A/B testing compares two different versions of the same site or mobile application and simultaneously measures key indicators. Mobile A/B testing is the process of conducting an experiment directly in a mobile app. Only when the test reaches statistical values,
app development companies can draw conclusions and implement these or other changes.
Usually, in A/B tests, only one variable is changed at a time to relate the change to the result. An A/B test in which several variables are changed simultaneously is called a multivariate test. These tests are useful for measuring the interaction between different variables in the interface, but they must be carefully checked to find meaningful correlations.
For example, in an e-commerce application, the app development companies may want to check the location of the “Add to cart” button to see if it will increase the conversion rate - as a result, optimization will be performed and the application will increase revenue.
Mobile applications are always in the process of development and require frequent testing and optimization. the app development companies are not the only one who conduct A/B tests: mobile marketers are no less interested in this.
Mobile A/B testing is not limited only to the user interface in the application; external elements are included in the testing - push notifications: testing is not only a comparison of buttons, colors and words, but also a comparison of other elements related to the optimization of the user interface.
Websites and Mobile Applications
Optimizing a website and a mobile application are two different processes but the end goal is the same: increasing user-friendliness to ensure a better return on investment. Both on the website and in the mobile application, both UI and UX are tested and measured during optimization.
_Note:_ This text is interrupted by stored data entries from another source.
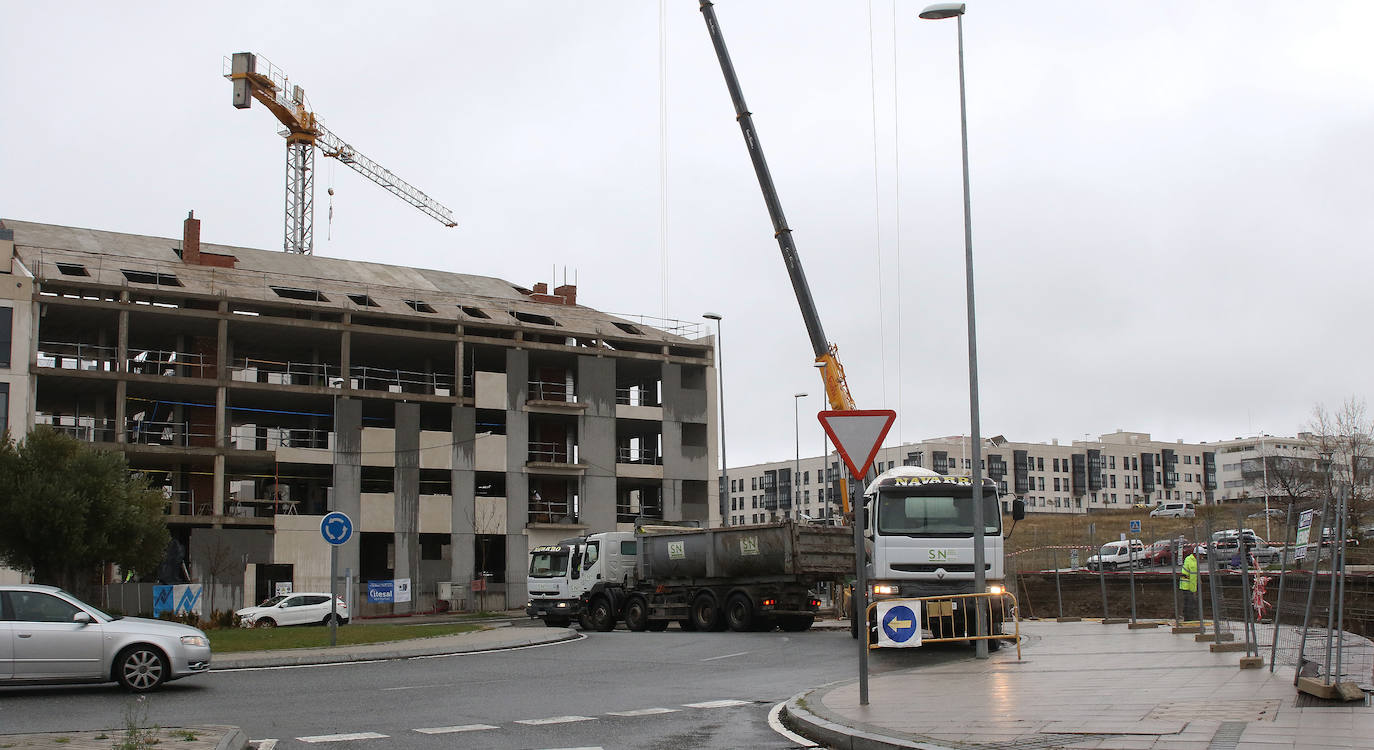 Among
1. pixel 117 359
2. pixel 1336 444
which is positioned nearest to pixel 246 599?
pixel 117 359

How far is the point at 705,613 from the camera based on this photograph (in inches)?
1234

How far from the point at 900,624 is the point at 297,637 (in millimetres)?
15740

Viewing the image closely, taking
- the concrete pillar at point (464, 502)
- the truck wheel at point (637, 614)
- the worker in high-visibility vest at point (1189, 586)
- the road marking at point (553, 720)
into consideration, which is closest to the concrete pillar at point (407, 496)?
the concrete pillar at point (464, 502)

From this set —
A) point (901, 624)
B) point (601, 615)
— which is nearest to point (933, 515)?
point (901, 624)

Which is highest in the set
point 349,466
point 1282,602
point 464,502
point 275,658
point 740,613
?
point 349,466

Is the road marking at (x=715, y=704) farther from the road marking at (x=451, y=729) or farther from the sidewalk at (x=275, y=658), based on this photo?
the sidewalk at (x=275, y=658)

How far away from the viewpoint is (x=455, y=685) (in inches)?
661

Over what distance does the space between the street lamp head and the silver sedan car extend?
588 inches

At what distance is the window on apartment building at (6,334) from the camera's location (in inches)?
1921

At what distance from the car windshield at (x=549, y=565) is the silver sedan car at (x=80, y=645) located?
20.8 metres

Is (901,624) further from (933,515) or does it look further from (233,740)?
(233,740)

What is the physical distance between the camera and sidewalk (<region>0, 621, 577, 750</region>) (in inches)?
393

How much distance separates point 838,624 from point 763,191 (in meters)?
13.9

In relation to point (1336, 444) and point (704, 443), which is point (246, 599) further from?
point (1336, 444) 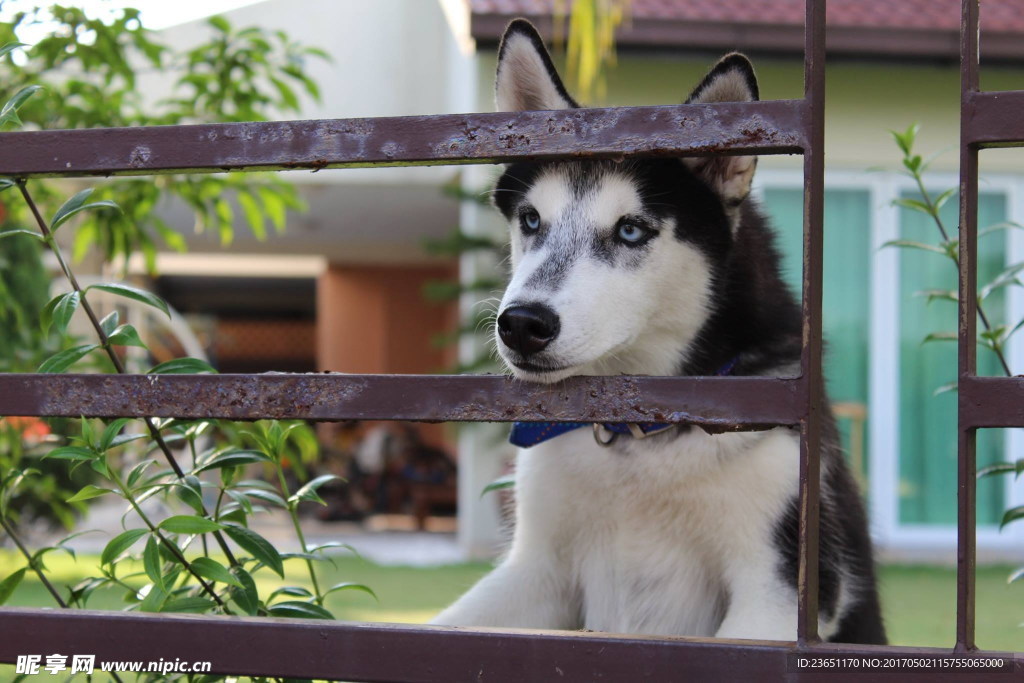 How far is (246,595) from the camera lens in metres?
1.51

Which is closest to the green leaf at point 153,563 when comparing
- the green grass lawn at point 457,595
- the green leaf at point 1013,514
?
the green leaf at point 1013,514

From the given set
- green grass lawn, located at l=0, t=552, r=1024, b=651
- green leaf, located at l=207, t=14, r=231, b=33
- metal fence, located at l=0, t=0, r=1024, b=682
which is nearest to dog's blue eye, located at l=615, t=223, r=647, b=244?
metal fence, located at l=0, t=0, r=1024, b=682

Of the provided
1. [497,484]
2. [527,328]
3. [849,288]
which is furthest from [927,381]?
[527,328]

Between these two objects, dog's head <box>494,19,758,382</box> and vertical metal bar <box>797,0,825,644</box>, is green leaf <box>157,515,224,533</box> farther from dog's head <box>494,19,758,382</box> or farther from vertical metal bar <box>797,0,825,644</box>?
vertical metal bar <box>797,0,825,644</box>

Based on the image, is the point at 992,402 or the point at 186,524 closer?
the point at 992,402

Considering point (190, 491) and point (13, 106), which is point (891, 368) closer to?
point (190, 491)

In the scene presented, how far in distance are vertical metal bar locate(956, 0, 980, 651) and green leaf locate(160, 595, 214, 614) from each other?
1.01 metres

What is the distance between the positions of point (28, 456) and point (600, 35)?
177 centimetres

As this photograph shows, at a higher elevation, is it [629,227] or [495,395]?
[629,227]

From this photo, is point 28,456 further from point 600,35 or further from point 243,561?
point 600,35

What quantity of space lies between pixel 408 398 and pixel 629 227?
78 cm

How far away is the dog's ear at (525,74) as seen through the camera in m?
1.89

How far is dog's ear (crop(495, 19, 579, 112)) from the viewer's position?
6.19ft

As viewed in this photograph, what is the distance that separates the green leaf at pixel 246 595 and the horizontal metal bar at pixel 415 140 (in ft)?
2.04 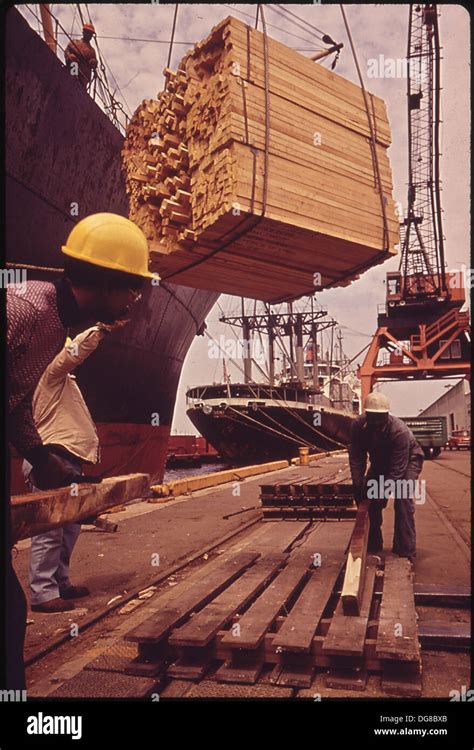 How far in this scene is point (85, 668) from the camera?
2902 millimetres

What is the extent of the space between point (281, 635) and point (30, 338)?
2.02 meters

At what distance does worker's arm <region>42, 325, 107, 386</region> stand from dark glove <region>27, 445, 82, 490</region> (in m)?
1.05

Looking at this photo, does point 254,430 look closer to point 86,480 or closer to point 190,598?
point 190,598

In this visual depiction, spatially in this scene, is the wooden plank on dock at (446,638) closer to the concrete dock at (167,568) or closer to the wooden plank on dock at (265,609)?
the concrete dock at (167,568)

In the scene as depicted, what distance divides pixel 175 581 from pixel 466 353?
18819 millimetres

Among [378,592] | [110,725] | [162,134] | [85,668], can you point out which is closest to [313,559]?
[378,592]

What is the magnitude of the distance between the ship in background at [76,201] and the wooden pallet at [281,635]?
337cm

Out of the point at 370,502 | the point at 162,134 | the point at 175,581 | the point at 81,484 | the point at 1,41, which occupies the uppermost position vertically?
the point at 162,134

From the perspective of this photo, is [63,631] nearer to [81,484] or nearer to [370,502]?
[81,484]

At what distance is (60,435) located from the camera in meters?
3.73

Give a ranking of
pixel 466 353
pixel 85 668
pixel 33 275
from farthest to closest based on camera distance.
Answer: pixel 466 353 < pixel 33 275 < pixel 85 668

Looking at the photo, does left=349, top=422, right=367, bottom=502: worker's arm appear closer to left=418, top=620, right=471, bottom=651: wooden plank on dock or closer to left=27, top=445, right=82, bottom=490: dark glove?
left=418, top=620, right=471, bottom=651: wooden plank on dock

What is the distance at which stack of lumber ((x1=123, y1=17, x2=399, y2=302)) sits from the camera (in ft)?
11.7

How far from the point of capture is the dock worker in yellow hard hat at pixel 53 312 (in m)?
1.97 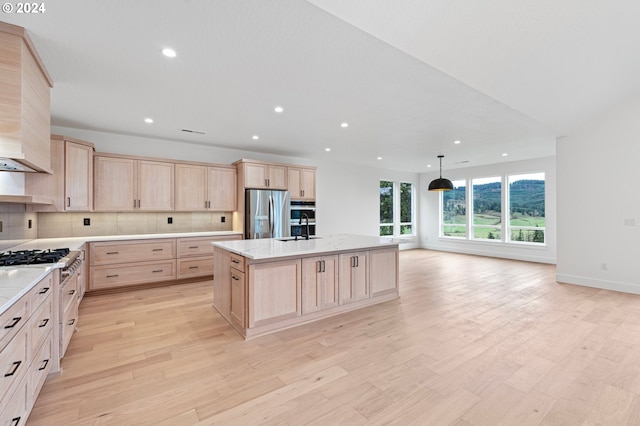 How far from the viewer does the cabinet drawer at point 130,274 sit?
4.17 m

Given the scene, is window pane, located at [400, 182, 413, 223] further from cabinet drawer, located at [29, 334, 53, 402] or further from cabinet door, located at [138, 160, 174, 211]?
cabinet drawer, located at [29, 334, 53, 402]

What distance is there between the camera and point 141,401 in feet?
6.19

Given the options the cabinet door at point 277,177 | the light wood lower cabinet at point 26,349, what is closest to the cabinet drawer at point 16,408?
the light wood lower cabinet at point 26,349

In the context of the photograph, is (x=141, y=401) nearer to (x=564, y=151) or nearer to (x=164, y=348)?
(x=164, y=348)

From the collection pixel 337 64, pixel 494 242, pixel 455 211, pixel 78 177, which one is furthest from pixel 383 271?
pixel 455 211

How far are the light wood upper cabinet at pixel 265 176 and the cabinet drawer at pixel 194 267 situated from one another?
155cm

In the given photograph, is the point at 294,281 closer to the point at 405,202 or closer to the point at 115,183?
the point at 115,183

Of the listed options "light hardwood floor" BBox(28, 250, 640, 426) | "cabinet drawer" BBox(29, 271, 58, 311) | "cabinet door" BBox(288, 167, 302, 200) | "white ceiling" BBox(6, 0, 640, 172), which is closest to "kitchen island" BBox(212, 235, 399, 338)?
"light hardwood floor" BBox(28, 250, 640, 426)

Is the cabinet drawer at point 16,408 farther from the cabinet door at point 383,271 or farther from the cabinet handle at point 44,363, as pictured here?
the cabinet door at point 383,271

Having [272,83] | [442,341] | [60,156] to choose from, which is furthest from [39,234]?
[442,341]

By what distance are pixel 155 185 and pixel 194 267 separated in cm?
155

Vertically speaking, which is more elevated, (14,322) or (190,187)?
(190,187)

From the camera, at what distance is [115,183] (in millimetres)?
4527

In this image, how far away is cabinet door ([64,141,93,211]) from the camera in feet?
13.1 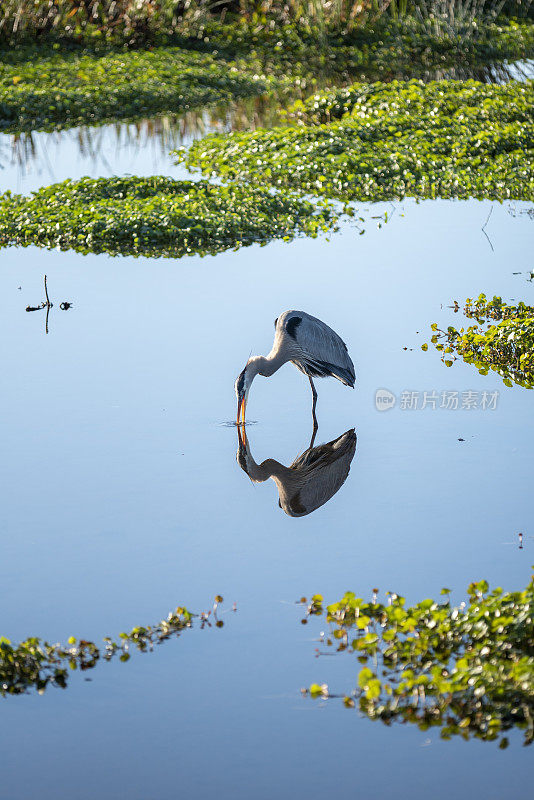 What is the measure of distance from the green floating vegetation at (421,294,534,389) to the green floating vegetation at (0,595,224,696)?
4322 mm

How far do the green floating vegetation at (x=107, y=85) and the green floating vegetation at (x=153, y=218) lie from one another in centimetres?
581

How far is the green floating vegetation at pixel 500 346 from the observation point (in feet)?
29.9

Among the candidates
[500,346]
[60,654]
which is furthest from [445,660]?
[500,346]

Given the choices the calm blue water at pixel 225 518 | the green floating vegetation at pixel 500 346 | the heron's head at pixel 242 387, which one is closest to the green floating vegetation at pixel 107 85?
the calm blue water at pixel 225 518

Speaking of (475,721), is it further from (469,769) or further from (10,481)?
(10,481)

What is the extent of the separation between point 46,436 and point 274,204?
19.8 ft

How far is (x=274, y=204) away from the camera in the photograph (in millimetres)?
13266

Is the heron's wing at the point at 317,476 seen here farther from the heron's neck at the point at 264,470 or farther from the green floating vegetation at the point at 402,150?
the green floating vegetation at the point at 402,150

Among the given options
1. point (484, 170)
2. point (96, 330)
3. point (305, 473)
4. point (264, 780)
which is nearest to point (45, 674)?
point (264, 780)

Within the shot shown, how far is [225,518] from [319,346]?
6.11ft

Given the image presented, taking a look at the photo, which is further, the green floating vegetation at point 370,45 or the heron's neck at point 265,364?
the green floating vegetation at point 370,45

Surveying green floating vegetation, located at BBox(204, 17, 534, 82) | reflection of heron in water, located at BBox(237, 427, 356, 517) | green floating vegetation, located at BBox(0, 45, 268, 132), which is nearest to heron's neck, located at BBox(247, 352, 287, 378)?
reflection of heron in water, located at BBox(237, 427, 356, 517)

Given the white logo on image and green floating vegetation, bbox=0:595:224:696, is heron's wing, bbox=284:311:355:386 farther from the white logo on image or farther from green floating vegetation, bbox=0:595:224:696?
green floating vegetation, bbox=0:595:224:696

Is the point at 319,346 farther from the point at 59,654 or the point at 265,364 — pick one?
the point at 59,654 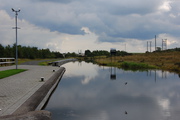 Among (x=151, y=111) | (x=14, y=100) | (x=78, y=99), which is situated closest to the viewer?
(x=14, y=100)

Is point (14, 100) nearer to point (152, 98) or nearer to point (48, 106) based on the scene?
point (48, 106)

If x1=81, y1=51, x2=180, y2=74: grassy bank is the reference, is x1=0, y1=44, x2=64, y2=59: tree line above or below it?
above

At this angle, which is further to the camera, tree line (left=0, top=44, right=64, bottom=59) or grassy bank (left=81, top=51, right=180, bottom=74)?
tree line (left=0, top=44, right=64, bottom=59)

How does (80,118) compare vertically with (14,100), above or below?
below

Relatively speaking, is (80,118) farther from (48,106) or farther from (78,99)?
(78,99)

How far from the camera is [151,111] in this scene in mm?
11234

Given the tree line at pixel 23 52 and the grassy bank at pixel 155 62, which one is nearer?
the grassy bank at pixel 155 62

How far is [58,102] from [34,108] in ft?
13.4

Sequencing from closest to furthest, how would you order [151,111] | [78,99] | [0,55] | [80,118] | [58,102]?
[80,118]
[151,111]
[58,102]
[78,99]
[0,55]

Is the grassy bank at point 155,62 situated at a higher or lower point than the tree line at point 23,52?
lower

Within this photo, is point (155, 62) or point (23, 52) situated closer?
point (155, 62)

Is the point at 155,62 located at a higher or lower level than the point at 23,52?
lower

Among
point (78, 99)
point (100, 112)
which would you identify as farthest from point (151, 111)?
point (78, 99)

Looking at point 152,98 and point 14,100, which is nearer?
point 14,100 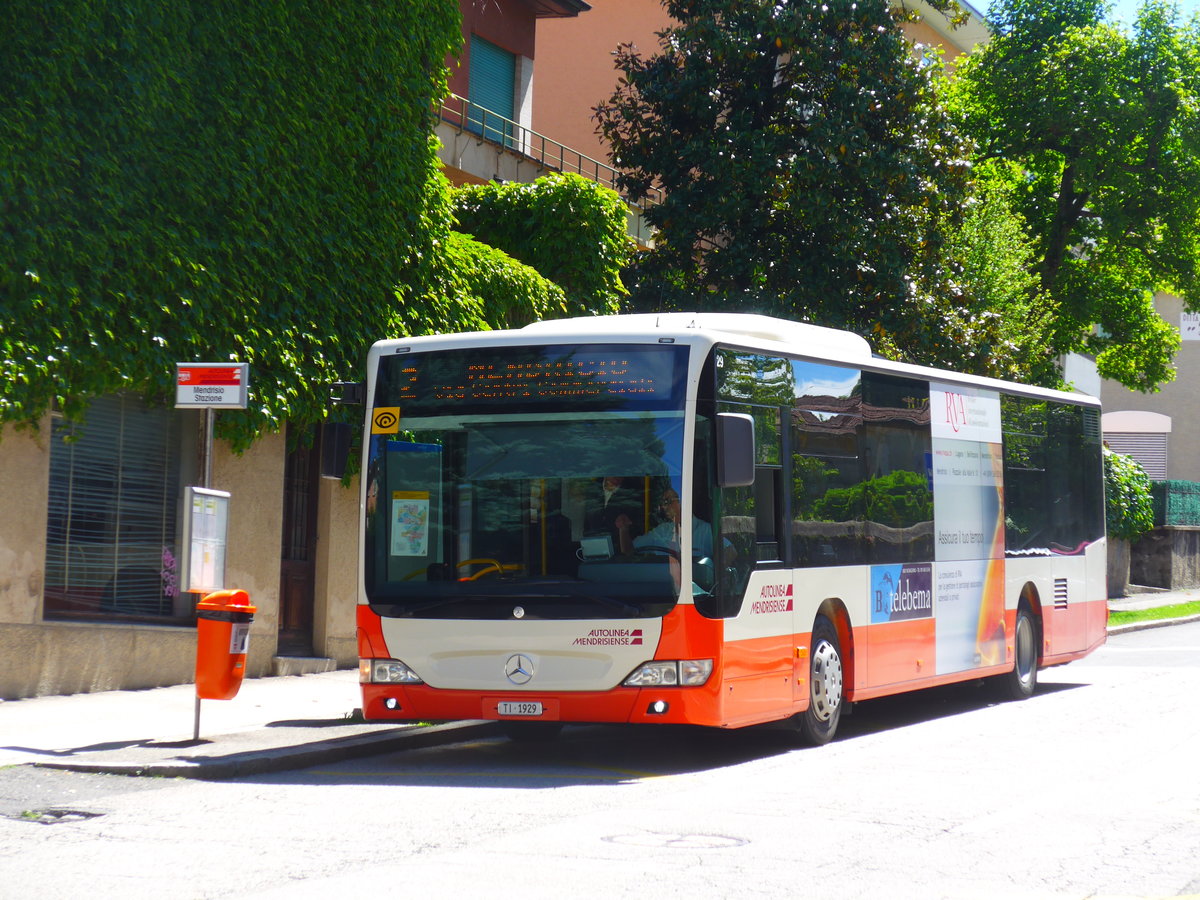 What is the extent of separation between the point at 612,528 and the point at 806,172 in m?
13.4

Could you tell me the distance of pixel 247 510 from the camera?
16.0m

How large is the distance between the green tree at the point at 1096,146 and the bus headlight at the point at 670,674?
27557 mm

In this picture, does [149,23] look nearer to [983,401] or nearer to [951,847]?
[983,401]

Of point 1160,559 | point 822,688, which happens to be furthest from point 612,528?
point 1160,559

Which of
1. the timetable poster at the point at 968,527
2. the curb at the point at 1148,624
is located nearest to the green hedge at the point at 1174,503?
the curb at the point at 1148,624

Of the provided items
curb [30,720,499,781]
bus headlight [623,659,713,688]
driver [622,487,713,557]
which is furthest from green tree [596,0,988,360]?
bus headlight [623,659,713,688]

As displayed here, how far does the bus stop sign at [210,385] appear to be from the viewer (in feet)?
36.3

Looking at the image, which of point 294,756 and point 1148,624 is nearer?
point 294,756

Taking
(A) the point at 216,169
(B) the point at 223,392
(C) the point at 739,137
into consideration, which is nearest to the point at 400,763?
(B) the point at 223,392

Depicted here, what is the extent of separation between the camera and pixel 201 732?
37.7 ft

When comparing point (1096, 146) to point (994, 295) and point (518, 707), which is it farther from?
point (518, 707)

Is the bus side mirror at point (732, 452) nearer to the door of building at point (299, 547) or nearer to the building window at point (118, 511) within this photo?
the building window at point (118, 511)

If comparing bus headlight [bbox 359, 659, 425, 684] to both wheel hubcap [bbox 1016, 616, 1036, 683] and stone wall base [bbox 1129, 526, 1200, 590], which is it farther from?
stone wall base [bbox 1129, 526, 1200, 590]

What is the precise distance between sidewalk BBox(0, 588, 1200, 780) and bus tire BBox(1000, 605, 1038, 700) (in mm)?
5914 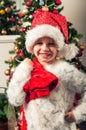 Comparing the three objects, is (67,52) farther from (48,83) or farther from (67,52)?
(48,83)

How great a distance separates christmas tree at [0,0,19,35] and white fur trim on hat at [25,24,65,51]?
1.52m

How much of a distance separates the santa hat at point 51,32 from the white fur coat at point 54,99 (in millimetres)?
79

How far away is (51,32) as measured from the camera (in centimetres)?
144

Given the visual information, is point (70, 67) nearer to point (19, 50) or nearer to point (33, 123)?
point (33, 123)

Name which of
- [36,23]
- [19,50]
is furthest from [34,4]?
[36,23]

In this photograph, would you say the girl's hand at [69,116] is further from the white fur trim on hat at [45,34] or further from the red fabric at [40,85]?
the white fur trim on hat at [45,34]

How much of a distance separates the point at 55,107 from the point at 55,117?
5 centimetres

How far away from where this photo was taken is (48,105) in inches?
53.7

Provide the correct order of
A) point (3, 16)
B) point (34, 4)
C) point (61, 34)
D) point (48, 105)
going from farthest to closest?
point (3, 16)
point (34, 4)
point (61, 34)
point (48, 105)

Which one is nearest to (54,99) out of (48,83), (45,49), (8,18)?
(48,83)

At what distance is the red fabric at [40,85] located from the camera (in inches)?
53.2

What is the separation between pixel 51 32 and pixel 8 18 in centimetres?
169

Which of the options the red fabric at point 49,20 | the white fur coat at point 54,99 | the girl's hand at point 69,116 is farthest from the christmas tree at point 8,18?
the girl's hand at point 69,116

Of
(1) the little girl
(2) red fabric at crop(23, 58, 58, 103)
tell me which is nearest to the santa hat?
(1) the little girl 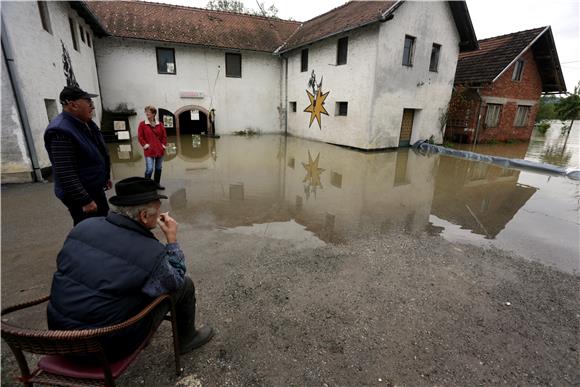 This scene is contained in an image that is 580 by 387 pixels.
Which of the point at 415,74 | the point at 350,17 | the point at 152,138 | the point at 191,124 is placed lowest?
the point at 191,124

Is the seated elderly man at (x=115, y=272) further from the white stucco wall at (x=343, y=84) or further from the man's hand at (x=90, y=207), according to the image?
the white stucco wall at (x=343, y=84)

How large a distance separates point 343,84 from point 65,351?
46.4 ft

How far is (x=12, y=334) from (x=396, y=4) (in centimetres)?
1374

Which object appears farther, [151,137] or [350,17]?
[350,17]

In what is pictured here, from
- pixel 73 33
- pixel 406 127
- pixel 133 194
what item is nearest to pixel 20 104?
pixel 73 33

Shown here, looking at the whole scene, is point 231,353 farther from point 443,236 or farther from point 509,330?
point 443,236

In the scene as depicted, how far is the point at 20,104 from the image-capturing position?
671 centimetres

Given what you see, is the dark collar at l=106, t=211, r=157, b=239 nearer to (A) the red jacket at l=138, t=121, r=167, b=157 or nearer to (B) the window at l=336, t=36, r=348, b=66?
(A) the red jacket at l=138, t=121, r=167, b=157

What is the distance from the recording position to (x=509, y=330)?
111 inches

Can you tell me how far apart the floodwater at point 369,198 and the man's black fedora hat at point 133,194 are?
9.61 feet

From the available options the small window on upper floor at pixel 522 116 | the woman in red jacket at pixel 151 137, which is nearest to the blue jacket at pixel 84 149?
the woman in red jacket at pixel 151 137

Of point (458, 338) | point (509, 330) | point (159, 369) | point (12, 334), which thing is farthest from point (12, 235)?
point (509, 330)

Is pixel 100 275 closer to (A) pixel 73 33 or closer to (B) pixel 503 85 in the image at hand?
(A) pixel 73 33

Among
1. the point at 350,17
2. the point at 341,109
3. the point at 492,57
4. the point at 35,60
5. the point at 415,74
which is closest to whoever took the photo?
the point at 35,60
The main difference between them is easy to see when testing. The site optimizes everything related to the funnel: the user finds the site through organic or paid search, then scans several pages, makes or does not make a purchase and leaves. And while optimizing the site, special attention is paid to the bounce rate, session duration and completed target actions.
Mobile applications, in turn, are downloaded via the App Store or Google Play. To motivate a user to install an application is done with
App Store Optimization. In contrast to the site’s bounce rate, mobile applications should pay attention to user interaction and involvement.
Another important difference between a mobile application and a website is that applications are constantly evaluated by users: there are ratings, tops, categories, and so on. And increasing user retention is a continuous testing and optimization process.
Why mobile A/B testing is crucial for mobile applications
Applications with high ratings increase in search results, and, of course, users are more likely to download an application with high ratings.
According to Marketing Land, 96% of users said they would install an application with four stars, compared with an application with a lower rating.
Each additional star that applications receive in the App Store increases the likelihood of downloading:
The fact is that when an application has a rating with four or five stars, it becomes obvious at a glance that the user will be satisfied. They begin to trust the application before installing it.
How to run your first mobile A/B testing app
The testing process can be divided into four stages:
Step 1: Formulate a hypothesis
Each experiment must begin with a hypothesis. What are you trying to determine from this experiment?
For example, you can check the effectiveness of retaining new users. The hypothesis will be that it is easier for users to understand the simplified visual elements in the tutorial and this should lead to an increase in user retention.
Step 2: Choose your audience
With
A/B testing, you do not need to target all users. It is important to choose a segment, and on the basis of it, choose exactly what you want to check: for example, the quantity or quality of text/images.
Step 3: Conduct an experiment and collect data
You have to carry out the experiment to obtain the data needed. App development companies can help you with the necessary tools.
Step 4: Analysis of the results
After the test is started and the results of a sufficient number of samples are collected, the platform will calculate whether there is a difference between the two measured variants not due to random error. A common threshold for determining statistical significance is a p-value of 0.05, which means that there is a probability of 5 errors (which is quite acceptable).
If the control group did not reach your goals, but the option worked, then your hypothesis was correct. If your hypothesis did not work, you need to rerun the test with new variants and another hypothesis.
If the test fails, this is not a failure yet - failed A/B tests can be very helpful. They may indicate that something is not working in your application and this information can be used for further optimization. If a process is currently running that leads to an influx of users, visual effects can be tested for further optimization, which creates an environment that encourages more users to return and re-interact with the application the next days.
In the end, it's about UX. Optimization often requires testing various settings.
Push Notifications and Conversion Page
Push notifications
Test push notifications in the app to ensure you get more response. In A/B tests, it is advisable to test:
- Tone
- Characters
- Emoji and so on
Conversion pages
Like any other conversion page,
website optimization or mobile app optimization is always necessary: A/B test the size and color of buttons, texts for a call to action on the page is very effective.
Mobile A/B testing is essential for the success of your mobile app in the market. It would enable you to know the features that are not working and then the app development companies can help optimize such feature in web app development service. Ensure that you discuss your goal with the app development companies so that the optimization will be excellent.